Plaintiffs-Respondents,


v.


XACTIS CORPORATION,


Defendant,


and


ALAN S. KAPLAN,


Defendant-Appellant.

_________________________________________________________

September 5, 2013

 

Argued March 12, 2013 - Decided

 

Before Judges Messano and Lihotz.

 

On appeal from the Superior Court of New Jersey, Law Division, Essex County, Docket No. L-8044-07.

 

Alan S. Kaplan, appellant, argued the cause pro se.

 

David J. Gruber argued the cause for respondents (Gruber, Schwartz & Posnock, LLP, attorneys; Mr. Gruber, of counsel and on the brief).

 

PER CURIAM


Following a non-jury trial, judgment was entered in favor of plaintiffs Kenneth and Murray Gruber against defendants Alan Kaplan (defendant) and Xactis Corporation (Xactis) in the amount of $300,000, together with prejudgment interest in the amount of $209,582.29, for a total judgment of $509,582.29. Defendants' subsequent motion for reconsideration was denied.

The testimony at trial revealed that, in June 2005, defendant approached plaintiffs and solicited their investment in Xactis, a company providing computer programming services to other corporations. At a meeting defendant arranged at the home of Arthur Lester, he made a detailed presentation and provided plaintiffs with a private placement offering memorandum and disclosure statement (offering statement). Defendant represented that Lester was someone who had already invested $100,000 in Xactis. The offering statement asserted that "[m]anagement's initial valuation for [Xactis] is [$]20,000,000 and [it] is issuing a total of 5,000,000 shares [of stock]." The offering statement also explained the speculative and potentially risky nature of any investment in Xactis.

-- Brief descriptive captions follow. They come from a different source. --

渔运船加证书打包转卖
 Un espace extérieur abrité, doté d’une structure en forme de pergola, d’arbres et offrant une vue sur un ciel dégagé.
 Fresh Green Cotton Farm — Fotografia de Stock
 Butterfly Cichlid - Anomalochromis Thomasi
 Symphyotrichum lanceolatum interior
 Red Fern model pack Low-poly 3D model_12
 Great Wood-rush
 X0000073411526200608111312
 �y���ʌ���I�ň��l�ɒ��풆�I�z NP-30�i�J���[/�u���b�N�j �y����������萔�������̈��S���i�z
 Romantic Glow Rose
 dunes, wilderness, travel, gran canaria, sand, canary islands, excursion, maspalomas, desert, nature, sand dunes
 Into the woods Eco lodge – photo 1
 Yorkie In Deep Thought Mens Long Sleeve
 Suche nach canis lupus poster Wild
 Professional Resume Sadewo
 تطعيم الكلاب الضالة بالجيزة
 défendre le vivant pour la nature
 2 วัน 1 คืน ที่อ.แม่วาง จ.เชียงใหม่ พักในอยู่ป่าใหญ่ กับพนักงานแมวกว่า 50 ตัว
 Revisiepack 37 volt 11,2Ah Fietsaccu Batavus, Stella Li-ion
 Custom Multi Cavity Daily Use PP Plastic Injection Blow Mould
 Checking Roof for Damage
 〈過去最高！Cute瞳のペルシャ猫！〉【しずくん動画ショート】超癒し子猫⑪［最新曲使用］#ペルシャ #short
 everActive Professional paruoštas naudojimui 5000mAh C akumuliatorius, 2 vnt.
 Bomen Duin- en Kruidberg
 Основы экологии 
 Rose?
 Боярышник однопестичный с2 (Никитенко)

Defendant also represented orally and in the offering statement that Xactis had a direct and on-going relationship with Sun Microsystems (Sun) and Electronic Data Systems. Defendant also stated that Xactis was selling its proprietary software to Sun and other large companies and the company had contracted, or was about to contract with, Nextel, the Department of Homeland Security, the Internal Revenue Service, the United States Department of Agriculture, Hewlett-Packard, and Banco Popular, among others. Defendant projected revenues of $6 million for 2005, $36 million for 2006, $72 million in 2007, and $130 million in 2008.

Defendant stated that Xactis would be purchasing the intellectual property rights held by another corporation, Internet Now Technologies (INow), portrayed as a predecessor to Xactis. However, defendant never disclosed that INow was involved in significant litigation involving claims by Sun seeking more than $1 million, or that INow was bankrupt. Defendant failed to disclose that Xactis did not have any cash on hand, or that he had several judgments and tax liens against him personally, including an IRS lien of approximately $400,000, no assets and was nearly $1 million in debt. Defendant asked plaintiffs to invest $300,000, which would fund the existing and imminent contracts with Sun and other entities.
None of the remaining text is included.